Há pouco mais de 30 anos, Battisti foi militante de um grupo político armado, de orientação esquerdista. O governo italiano da época, de extrema direita, estabeleceu o sistema de delação premiada, pelo qual os militantes que desistissem da luta armada e delatassem seus companheiros ficariam livres de punição. Com base numa delação premiada, Battisti foi acusado da prática de quatro homicídios, sendo condenado à prisão perpétua.
Além de só haver como prova as palavras do delator, dois desses crimes foram cometidos no mesmo dia, em horários muito próximos e em lugares muito distantes um do outro, de tal modo que seria impossível que Battisti tivesse participado efetivamente de ambos os crimes.
Dispõe expressamente a lei nº 9.474, de 1997, que trata do Estatuto dos Refugiados no Brasil, que será reconhecido como refugiado o indivíduo que, devido a fundados temores de perseguição por motivo de opinião política, encontre-se fora de seu país de nacionalidade e não queira acolher-se à proteção de tal país.
Além daquela contradição no julgamento de Battisti, outro dado revelador é a enxurrada de ofensas e agressões de ministros do governo italiano ao governo e ao povo do Brasil pela decisão do ministro Tarso Genro.
Reagindo com extrema violência, o ministro do Exterior convocou o embaixador brasileiro na Itália para exigir a mudança da decisão, ao mesmo tempo em que outros ministros fizeram ameaças de represália, inclusive de boicote da participação do Brasil em reuniões internacionais.
Entretanto, muito recentemente o governo da França negou atendimento a pedido italiano de extradição de Marina Petrella, que, como Battisti e na mesma época, foi militante de um movimento político armado, as Brigadas Vermelhas. O governo italiano acatou civilizadamente a decisão francesa, reconhecendo tratar-se de um ato de soberania. Qual o motivo da diferença de reações? O governo e o povo do Brasil não merecem o mesmo respeito que os franceses?
Essa diferença de comportamento dos ministros italianos deixa mais do que evidente que é plenamente justificado o temor de Battisti de sofrer perseguição por motivo político.
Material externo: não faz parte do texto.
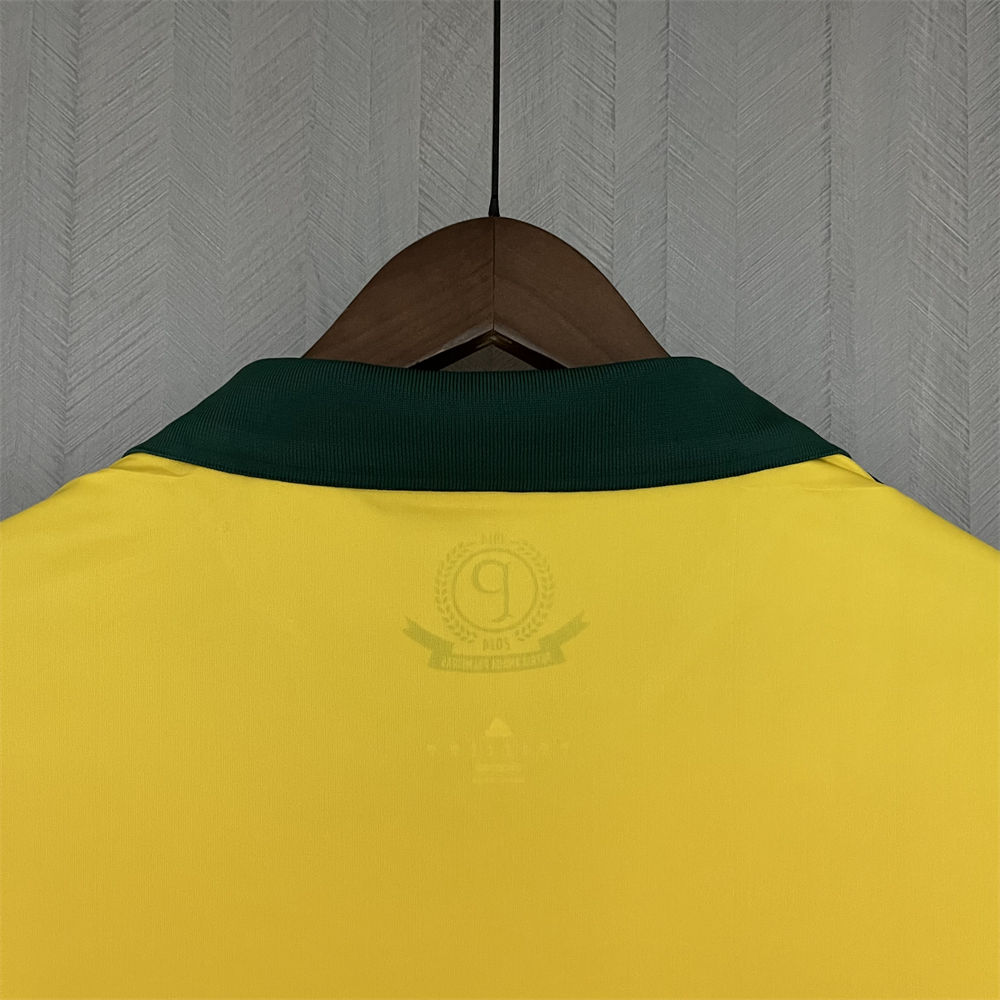 Retro 2014 Palmeiras Yellow jersey Fan Version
A reação raivosa dos ministros italianos não dignifica a Itália e elimina qualquer dúvida.
Por tudo quanto foi exposto, a decisão de Tarso Genro merece todo o acatamento. Expressa em linguagem clara e objetiva, deixando evidente sua inspiração humanista, livre de preconceitos ou parcialidade de qualquer espécie, a decisão tem sólido fundamento em dados concretos e faz aplicação correta e precisa dos preceitos jurídicos que regem a matéria.
A concessão do estatuto de refugiado a Cesare Battisti é um ato de soberania do Estado brasileiro e não ofende nenhum direito do Estado italiano nem implica desrespeito ao governo daquele país, não tendo cabimento pretender que as autoridades brasileiras decidam coagidas pelas ofensas e ameaças de autoridades italianas ou façam concessões que configurem uma indigna subserviência do Estado brasileiro."

DALMO DE ABREU DALLARI , 76, é professor emérito da Faculdade de Direito da USP. Foi secretário de Negócios Jurídicos do município de São Paulo (gestão Erundina).

Stela Borges de Almeida disse...

O parecer do jurista Dalmo Dallari traz balizada exposição de motivos sobre os fatos que envolvem o caso Cesare Battisti.
Uma peça fundamental para formação de opinião e esclarecimento necessário, não só deste caso, mas dos que envolvem a concessão de abrigo e proteção às pessoas perseguidas por intolerância política, conforme dispõe o Estatuto dos Refugiados no Brasil.